Tuesday, December 8, 2009

Demo Sweat #8

I usually really enjoy putting these columns together, because I lived for a long time in a kind of musical wasteland. It's a constant pleasure to me how diverse, unpredictable, and fertile Austin's music scene is. And as I begin to travel more within the state, everywhere I go in Texas I find much the same thing, and I wonder why it took me so long to settle down here. Diverse people with varying interests making music in unexpected combinations -- that's why Texas played such a significant part in the music of the 20th century and will continue to loom large in the 21st. Not to mention the fact that the music fans here are friendly, unpretentious, and a lot more open-minded than I was raised to believe in northern cities. They do tend to freak out disproportionately about "cold" weather, but it's hard to get chesty about this when you're simply overjoyed about not having to shovel your car out of three feet of snow and ice each morning.
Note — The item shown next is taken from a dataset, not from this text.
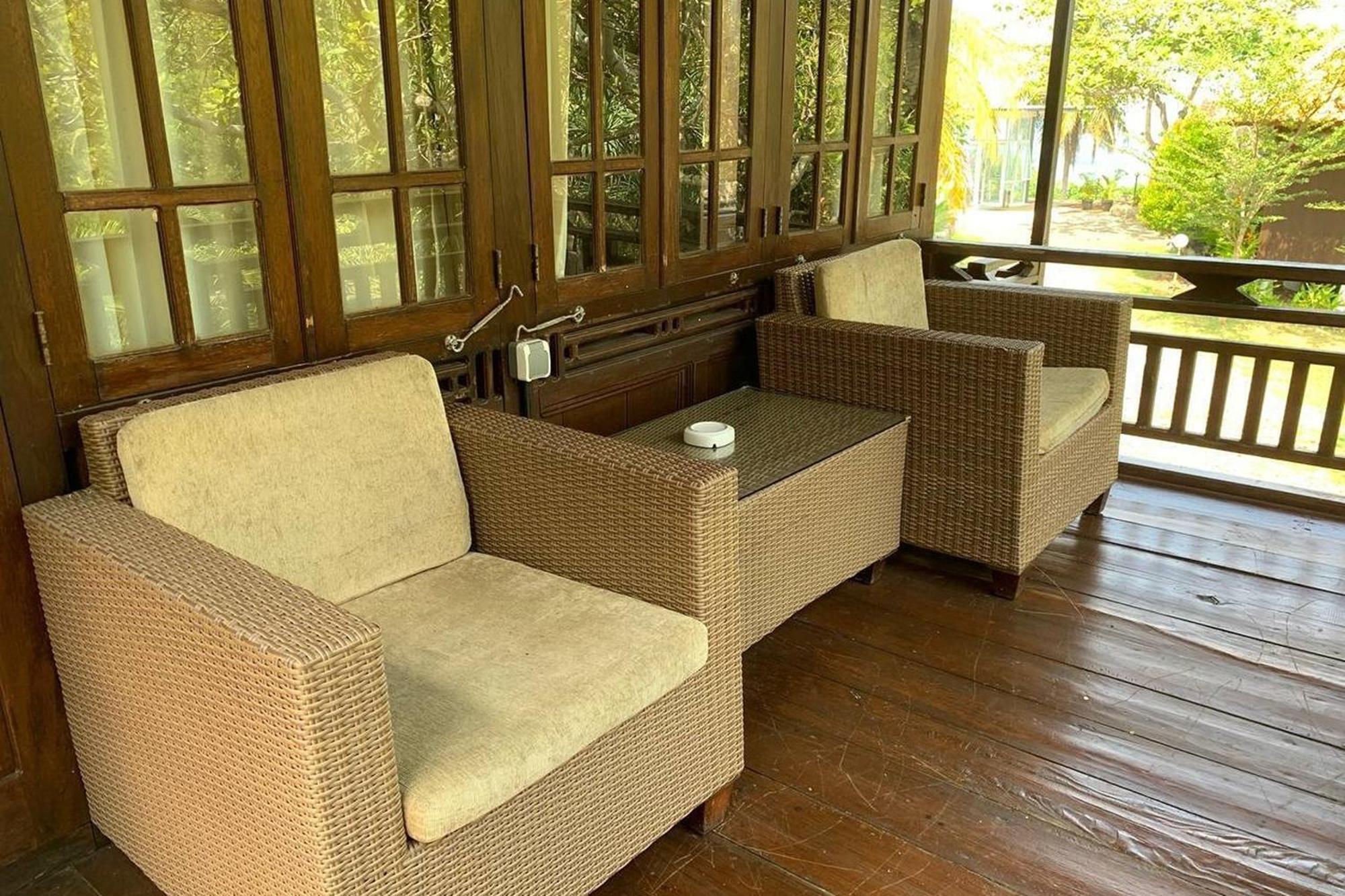 Negla Beach Villa Godog Екстер'єр фото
That being said, this was a rough week for Demo Sweat. The ugly, little-recognized downside to the quantity and diversity of Austin's musician class is that there are a lot of lazy, unmotivated self-styled superstars clogging our dive bars. These people are utterly unprepared to take criticism of their work in the right light, because they don't know how to think critically -- if they did, their music wouldn't suck beyond the telling of it. They're unable to separate their pride in creation from the ability to judge what is or isn't an original work, and they keep sending me the same song over and over again. It has three or four chords, no changes, a facile melody built around a 1-3-5 tritone, the same 1-AND-2-AND-3-AND-4-AND non-rhythm of a guitar being strummed up and down mindlessly the whole way through, and lyrics that are obviously paraphrased from the work of real songwriters.

I wish I could help these people, but I can't. Their parents (who pay their rent, car payments, XBox Live subscriptions) believe in them, and the producers and session musicians their folks paid to record their songs told them they have "what it takes." You kids: You don't have what it takes. You suck. Stop sending me this song! I hate it more than a Bright Eyes/Sufjan Stevens/Edward Sharpe and the Magnetic Zeros package tour.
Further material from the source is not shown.